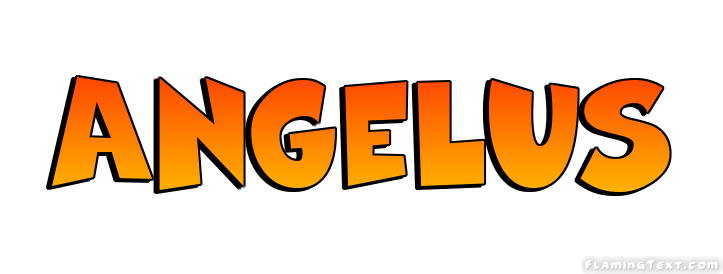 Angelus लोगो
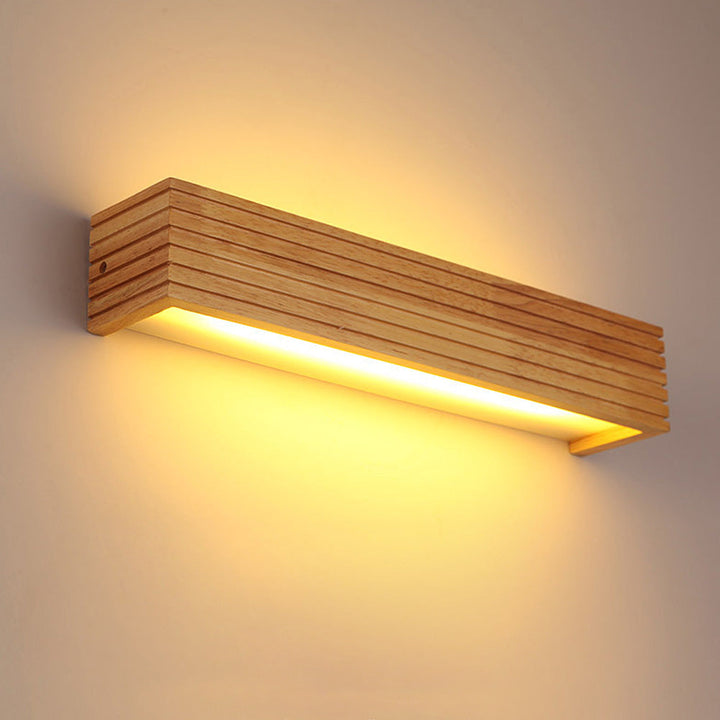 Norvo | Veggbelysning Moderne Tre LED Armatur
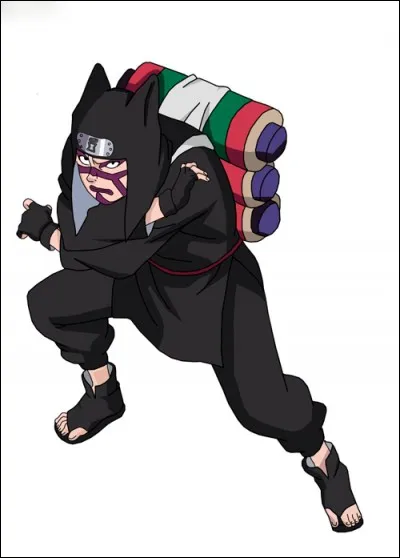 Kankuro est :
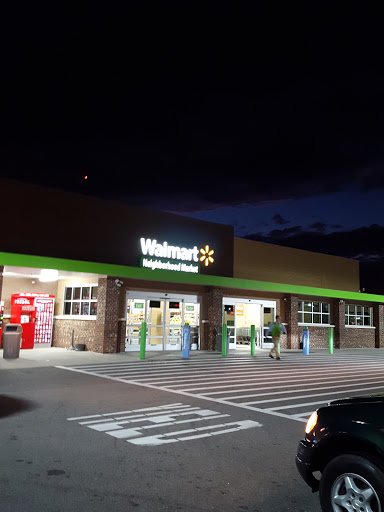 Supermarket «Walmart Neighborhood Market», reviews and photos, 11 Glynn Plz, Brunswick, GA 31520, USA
***
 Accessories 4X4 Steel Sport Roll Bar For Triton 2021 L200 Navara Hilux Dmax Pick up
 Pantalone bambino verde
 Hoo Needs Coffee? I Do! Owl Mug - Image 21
***
> [Instructions for the task] Everything from the line above that contains "Angelus लोगो" down to the line that contains "GA 31520, USA" must be reproduced exactly, both ends included. Omit the pictures.

> [Result]
 Angelus लोगो
 Norvo | Veggbelysning Moderne Tre LED Armatur
 Kankuro est :
 Supermarket «Walmart Neighborhood Market», reviews and photos, 11 Glynn Plz, Brunswick, GA 31520, USA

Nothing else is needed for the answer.